Misogynistic abusive tweet detection falls into the research area of text classification. Popular text classification algorithms used in hate speech and offensive language detection are Naive Bayes [4], Logistic Regression [4], Support Vector Machine (SVM) [4, 26, 28] and Random Forest [4, 28]. Performance of these algorithms depend on feature engineering and feature representation [4, 28]. There have been some works where syntactic features are leveraged to identify the targets and the intensity of hate speech. Examples of these features are relevant verb and noun occurrences (e.g. kill and Jews) [7], and the syntactic structures: I \({<}\)intensity\({>}\) \({<}\)user intent\({>}\) \({<}\)hate target\({>}\) (e.g. I f\(*\)cking hate white people) [23].

Misogynistic tweet detection is challenging for text classification methods because social media users very commonly use offensive words or expletives in their online dialogue [25]. For example, the bag-of-words approach is straightforward and usually has a high recall, but it results in higher number of false positives because the presence of misogynistic words causes these tweets to be misclassified as abusive tweets [14].

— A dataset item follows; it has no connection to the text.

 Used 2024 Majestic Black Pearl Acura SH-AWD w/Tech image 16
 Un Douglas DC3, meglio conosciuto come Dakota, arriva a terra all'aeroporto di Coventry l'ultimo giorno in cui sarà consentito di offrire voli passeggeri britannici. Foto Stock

Recently, neural network-based classifiers have become popular as they automatically learn abstract features from the given input feature representation [1]. Input to these algorithms can be various forms of feature encoding, including many of those used in the classic methods. Algorithm design in this category focuses on the selection of the network topology to automatically extract useful abstract features. Popular network architectures are CNN, Recurrent Neural Networks (RNN) and Long Short-Term Memory network (LSTM). CNN is well known for extracting patterns similar to phrases and nGrams [1]. On the other hand, RNN and LSTM are effective for sequence learning such as order information in text [1]. The CNN model has been successfully used for sentence classification [13]. To effectively identify patterns in the text, they used word embedding pre-trained on Google News corpus while training a CNN model on the labelled dataset.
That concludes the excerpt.